Research Partnerships
Research within the College of Arts, Humanities and Business is carried out by individuals, research groups and within Centres and Institutes. We have a number of research centres based within the college, and a thriving community of postgraduate researchers. Further information about each School’s research activities can be found on their individual web-pages.
Research Strategy
Researchers in the College of Arts, Humanities and Business undertake award-winning, internationally excellent, and impactful research. Our research ranges from language and literature, music and media, to financial studies, communication, technology studies, regulation, justice, identities, and community studies.
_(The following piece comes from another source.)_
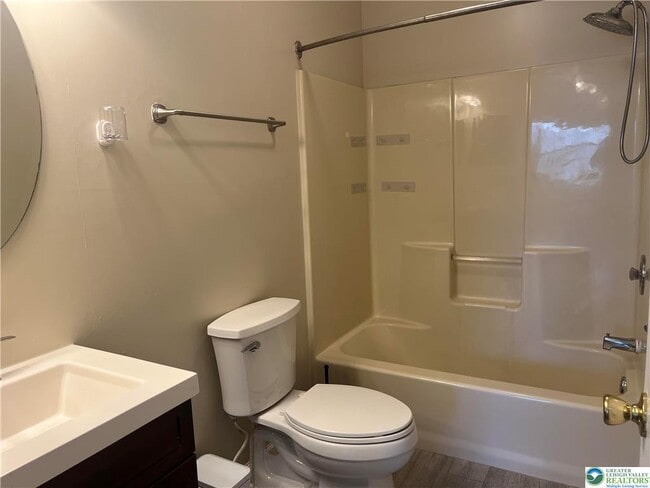 Building Photo - 3321 Carl Dr
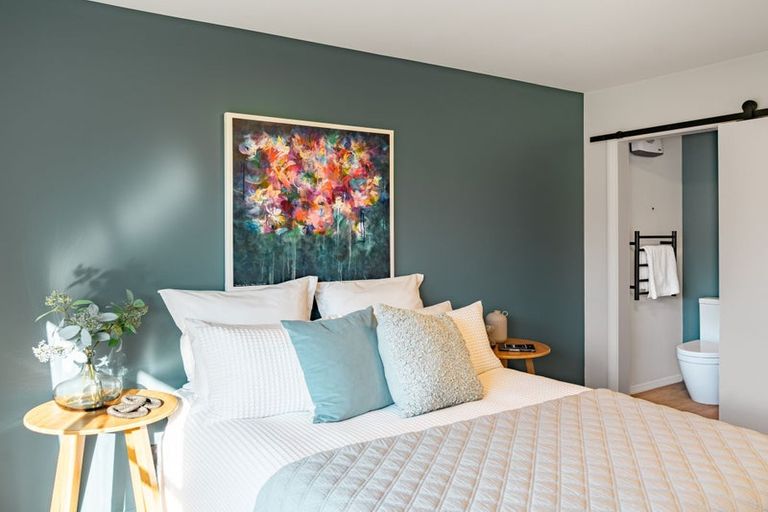 Photo of property in 18 Sawtell Place, Northcote, Christchurch, 8052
Across different disciplines, we combine academic excellence with community engagement, policy impact, and creative and cultural contributions. The College’s research is organised around three schools:
- Bangor Business School
- School of History, Law and Social Sciences
- School of Arts, Culture and Language
Our research is firmly grounded in a sense of place through culture, materiality, mediality, literature, language, music, history, technology and institutions, along with an interest in the changing nature of communities, nations, structures of governance, and justice. This is reflected in our research themes set out below which allow researchers from across the College and the wider University to collaborate and produce innovative, interdisciplinary, and world leading research. This approach is not intended to exclude or diminish specific areas of research excellence outside these themes, but provides a broader set of thematic issues around which much of our research can coalesce.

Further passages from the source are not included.